- DATA EXCERPT
==================================================
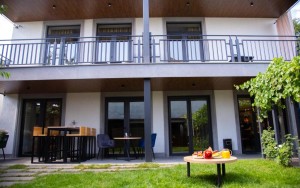 محوطه هتل محوطه هتل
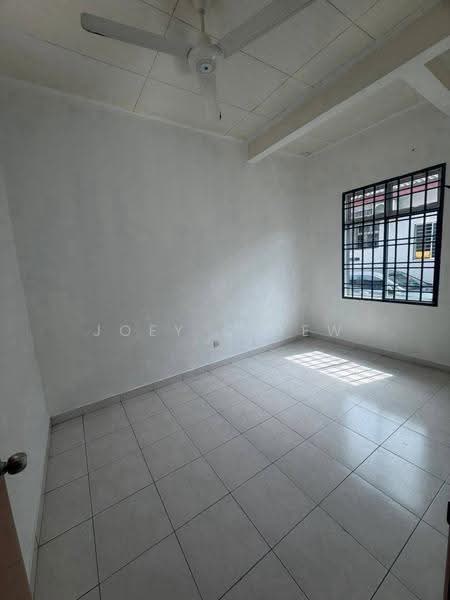 1-storey Terraced House for Sale in Taman Bestari Indah (Ulu Tiram) - Joey Chiew - PropertyGuru.com.my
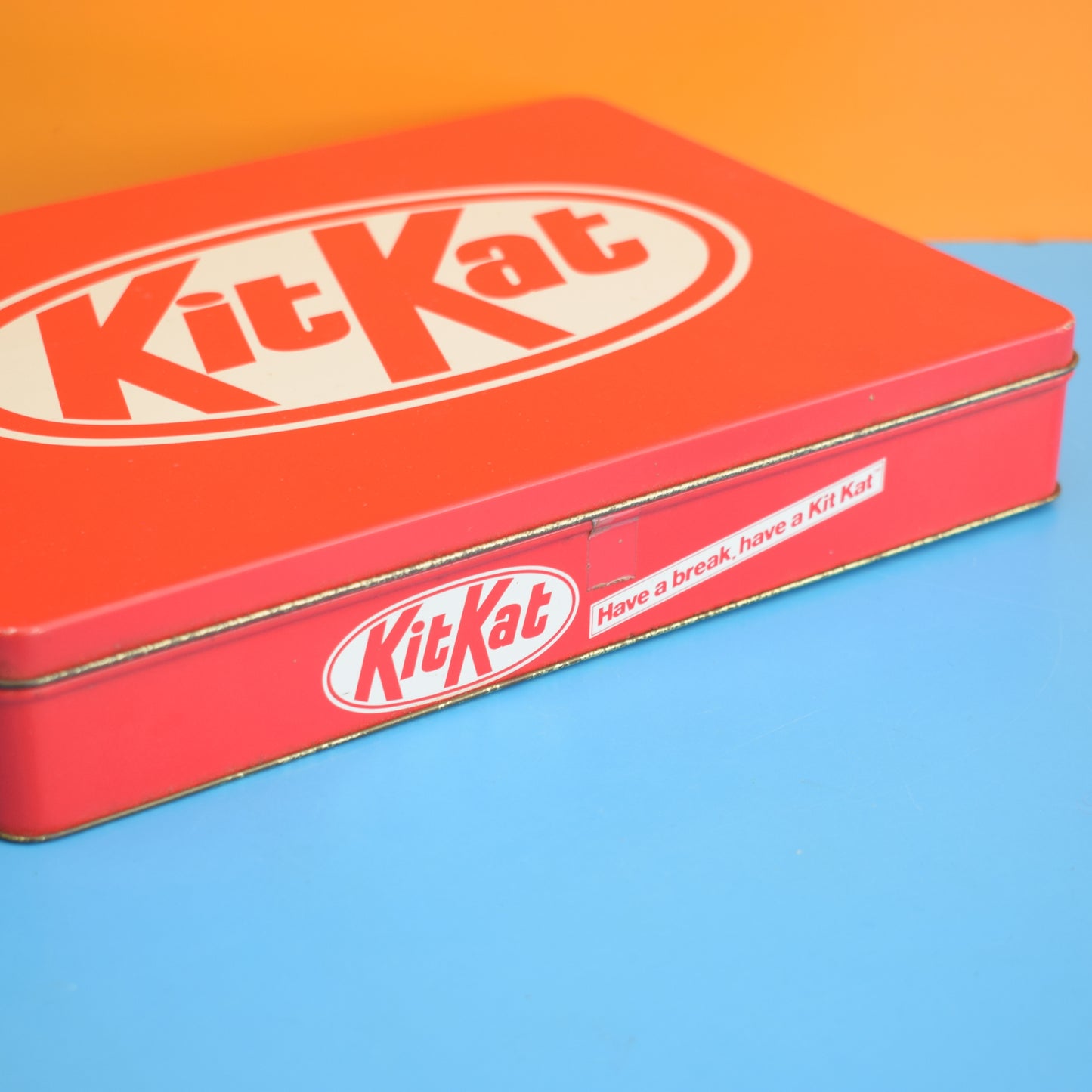Vintage 1980s Kit Kat Metal Tin - Advertising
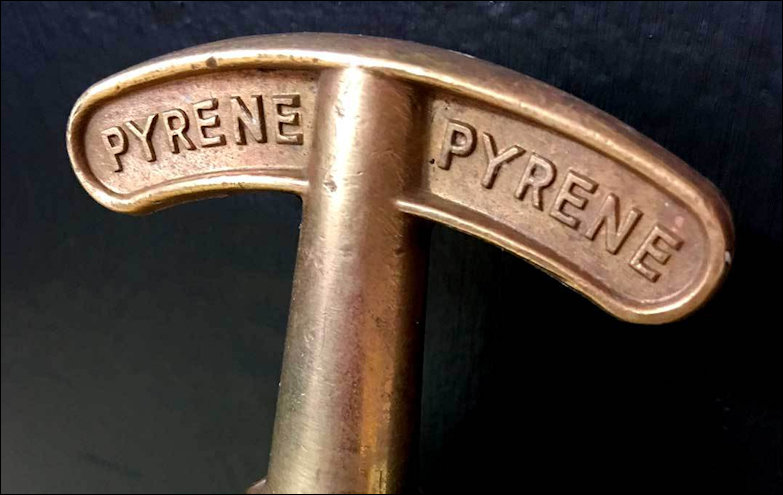 Pyrene twist key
==================================================
- YOUR OBJECTIVE
An exact copy of the data above is required, printed without its pictures.

- OUTPUT FOR THIS EXERCISE
 محوطه هتل محوطه هتل
 1-storey Terraced House for Sale in Taman Bestari Indah (Ulu Tiram) - Joey Chiew - PropertyGuru.com.my
Vintage 1980s Kit Kat Metal Tin - Advertising
 Pyrene twist key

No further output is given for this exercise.